Dados do CGE-SP (Centro de Gerenciamento de Emergências) mostram que em janeiro choveu 15% acima da média, maior volume dos últimos cinco anos. Uma consequência disso é a alta de 6% nos pontos de alaga – mento, na comparação com o mesmo mês do ano passado.

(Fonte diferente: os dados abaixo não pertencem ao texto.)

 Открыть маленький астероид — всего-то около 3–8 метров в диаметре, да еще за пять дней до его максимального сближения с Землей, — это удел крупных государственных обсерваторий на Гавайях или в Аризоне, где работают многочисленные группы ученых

Uma tabulação feita pela reportagem revela que 10% das ocorrências (ou dezoito alagamentos) aconteceram na Radial Leste, a campeã desse tipo de problema (tabela acima). “Nossa loja foi invadida pela água duas vezes. A inundação chegou a 1 metro de altura e inutilizou peças que seriam vendidas”, diz  Dantas, gerente da Radial 13, comércio de acessórios para motos localizado na avenida.

Imagem mostra homem de boné azul e roupa cinza com as mãos abertas, segurando produtos. Ao fundo, parede com diversos capacetes de moto à venda.
Vinícius, gerente de loja na Radial Leste: prejuízos. (Alexandre Battibugli/Veja SP)

“Ficamos no prejuízo”, ele reclama. A prefeitura informa que limpou cerca de trinta poços por dia na região próxima à estação Belém. “Realizamos serviços de limpeza de boca de lobo em todos os subdistritos da área”, afirma nota da Subprefeitura da Mooca.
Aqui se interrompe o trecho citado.